EXERCISE PROMPT: Print, in exact form, the lines below from the one containing "عين القط سيليمانايت" through the one containing "0279 一颗同花顺法师", and omit all others.

THE DATA:
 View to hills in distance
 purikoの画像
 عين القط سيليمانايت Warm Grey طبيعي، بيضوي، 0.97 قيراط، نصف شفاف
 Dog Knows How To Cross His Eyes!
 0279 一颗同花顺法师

* * *

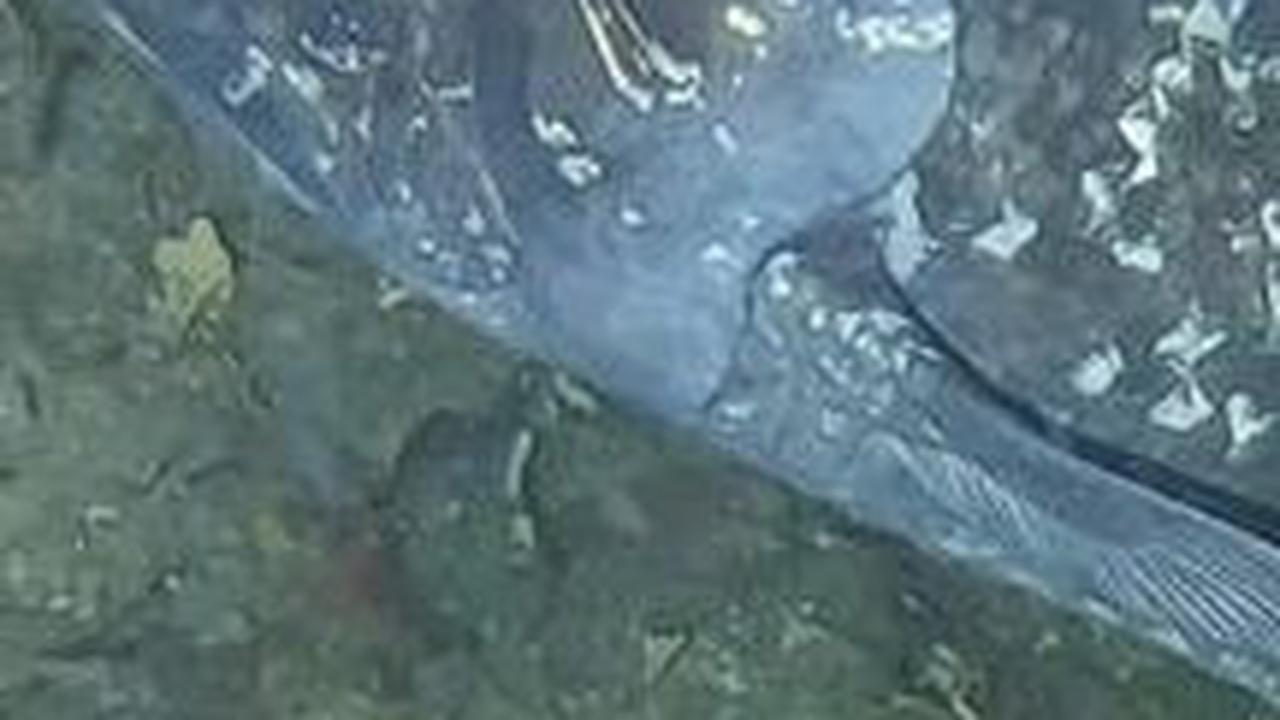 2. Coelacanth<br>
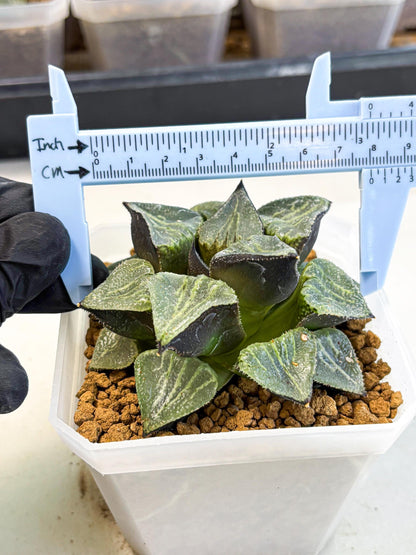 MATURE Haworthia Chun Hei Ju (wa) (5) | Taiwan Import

FINISHED TASK:
 عين القط سيليمانايت Warm Grey طبيعي، بيضوي، 0.97 قيراط، نصف شفاف
 Dog Knows How To Cross His Eyes!
 0279 一颗同花顺法师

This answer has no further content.